特別活動ワーキンググループ(第6回、平成28年3月23日)における主な意見(未定稿)

【特別活動で育成すべき資質・能力について】
○ 資料2の最初のページで学級活動が基盤になっているというのは、図から明瞭で大変いい資料だと考える。ただ最近、現場等を見ていると、学級活動以外の活動が萎縮してきているように感じる。その中で本資料は、児童会、クラブ、学校行事が、どうも同じような重さで並べられているように感じる。学校としては、本来は力を入れたいが実際なかなかそこに力を入れ切れない。本当に育成すべき資質・能力が、こういう形で往還的にできるのかというところについては、今後、検討していかなければならない。
○ 資料2の4ページ目の資質・能力の三つの柱に沿った資料について、知識や技能のところに意義についての理解が入っているのがとてもよい。
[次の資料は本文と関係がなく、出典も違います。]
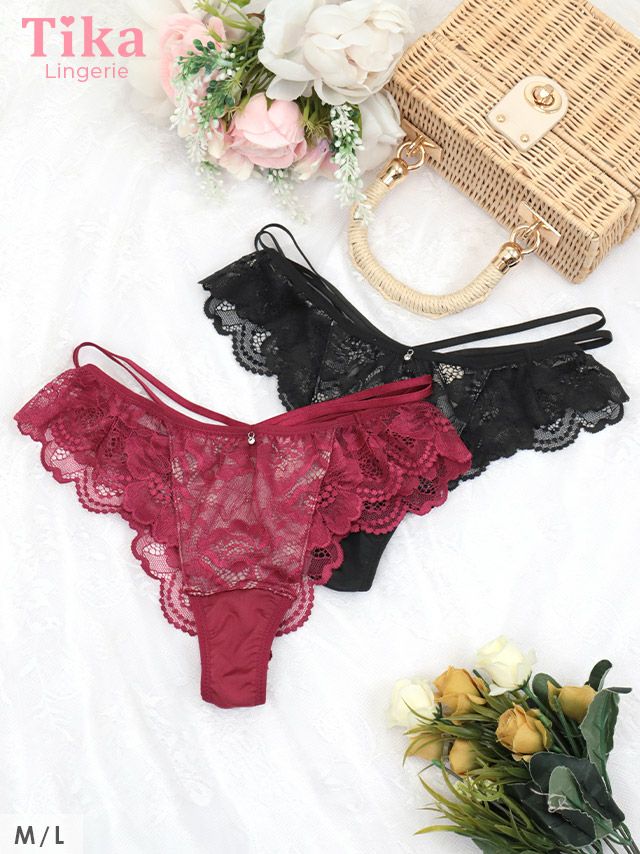 Tバック 単品 ショーツ パンツ レース Tショーツ 大きいサイズ 赤 黒 ブラック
ただ、集団の意義だけではなく、集団活動の意義が入ると更にいいのではないか。
○ 学級活動には内容の(1)と内容の(2)があって、集団の生活をよりよくするという部分と、自分の生活を自分でより良くしていくという部分がある。そこで書きぶりとして、自律的に生きていく、自分でよくしていくという内容の部分が、少し加わってもいいのではないか。
○ 資料2の3ページの図には、例えばアクティブ・ラーニングなども入ってくるだろうし、体験的なものや実践的なものなどのキーワードが入ってきてもいいのではないか。また、どのように教科とつながるのかが、もう少し見えてくると日本的な特徴が見えるのではないか。また、多様な他者の尊重とか、何かこういう非概念的なものが見えてきた方がいいのではないかという感じは受けた。
○ 資料2の3ページ目は、これが集団の広がりに特化して資料を作成しているので往還の部分が、更に出口を示していることで分かりやすい。社会とのつながりのない教育は汎用性がないとも言えるため、そういう意味でも出口をきちっと示しており分かりやすい。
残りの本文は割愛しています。